Just out of curiosity, what's the average service life expectancy for a reg force or PRes type? as a CIC officer, I had heard it said we average five years before "swallowing the anchor." thoughts?


----------



## Occam (8 Dec 2012)

For me, getting out was the result of a combination of factors.  Without getting into the details, lack of recognition for work done, and a timely opportunity to take a public service position with more responsibility and a higher rate of pay made leaving the CF a done deal.


----------



## mariomike (8 Dec 2012)

For what it is worth.

Retention 

Retaining trained personnel at later stages in their careers remains a priority. Initiatives include better career management and greater support to CF families – such as improved deployment, reunion and relocation programs, expanded child care, enhanced mental health care, and better alignment of CF and Veterans Affairs Canada services. This has contributed to a reduced rate of attrition.

http://www.forces.gc.ca/site/news-nouvelles/news-nouvelles-eng.asp?id=3792

2012-10-02


----------



## George Wallace (8 Dec 2012)

ObedientiaZelum said:
			
		

> I don't think our young fresh out of school and into the uniform soldiers have an idea about just how hard working at a civilian job can be.

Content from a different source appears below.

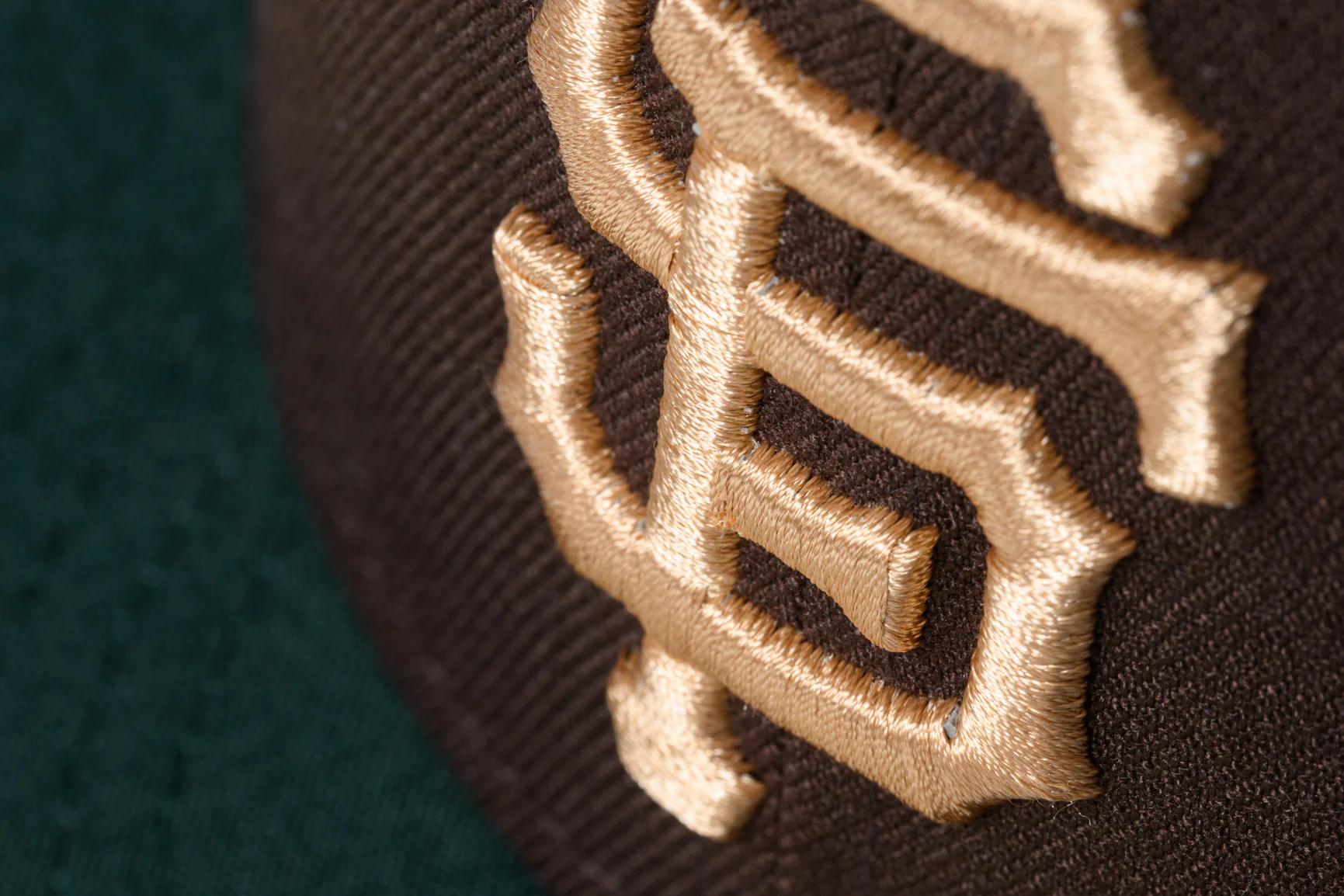 NEW ERA "SHADOWBROOK" SF GIANTS FITTED HAT (BROWN/GREEN) - Image 7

That is one thing I remember well over the years.  How many have you seen depart the Regiment for a civilian job, only to be walking back through the front gate a year later having rejoined the CF?

There are a lot who leave looking for those greener pastures on the other side of the fence, only to return after finding that they weren't so green after all.  Many of the points have already been covered, such as the Medical and Dental benefits, but others are the camaraderie and 'family'.


----------



## The_Falcon (8 Dec 2012)

George Wallace said:
			
		

> That is one thing I remember well over the years.  How many have you seen depart the Regiment for a civilian job, only to be walking back through the front gate a year later having rejoined the CF?
> 
> There are a lot who leave looking for those greener pastures on the other side of the fence, only to return after finding that they weren't so green after all.  Many of the points have already been covered, such as the Medical and Dental benefits, but others are the camaraderie and 'family'.



This past year I spent in recruiting, I saw many files coming through that were people trying to get back in.


----------



## garb811 (8 Dec 2012)

mariomike said:
			
		

> For what it is worth.
> 
> Retention
> 
> ...


"For what it is worth" indeed.  As we've seen in the last year, most of the changes to these areas have resulted in roll backs instead of enhancements.  

I have yet to feel any lovin', at any point in my career, that has been specifically directed at retaining my skills and knowledge.  Yet I have watched many, many people get rewarded for leaving and then coming back through incentives such as FRP, recruiting bonuses and PLARs granting them the rank they left at...


----------



## Towards_the_gap (8 Dec 2012)

mariomike said:
			
		

> For what it is worth.
> 
> Retention
> 
> ...




That's great, but I've seen none of that.

For me, the decision to begin the process of release was driven, overall, by basically what is a cost/benefit analysis. It is costing my family too much, for a job where my ability to make a difference is hampered at every turn by those who lack the imagination or 'think-outside-the-box-ness'. Moreover, 95% percent of my career has been in a time of war. This period of peace certainly has it's challenges, but the kicker is the general insistence that 'stupid rules', no matter how ridiculous, must be followed for no other reason than 'we have always done it this way'. There is also a general tendency for things to get blown way out of proportion based solely upon an urban-myth like belief that some regulation somewhere promises drastic measures if not followed, yet when you actually take the time to look it up, said regulation doesn't exist or is in fact for something completely different. Finally, all this takes place in an organisation which lacks the ability to critically and objectively examine itself and correct deficiencies/find efficiencies. How many times have you heard 'we're the best army/squadron/regiment/company and this exercise was great'? Vice 'this exercise did not do what we planned it to, and revealed a startling number of shortcomings, we need to get alot better'. I've NEVER heard the latter. Just imagine, what would happen if an OC, on a level 5 RTHR exercise, at the end said ' My company is not ready, do not send us overseas'?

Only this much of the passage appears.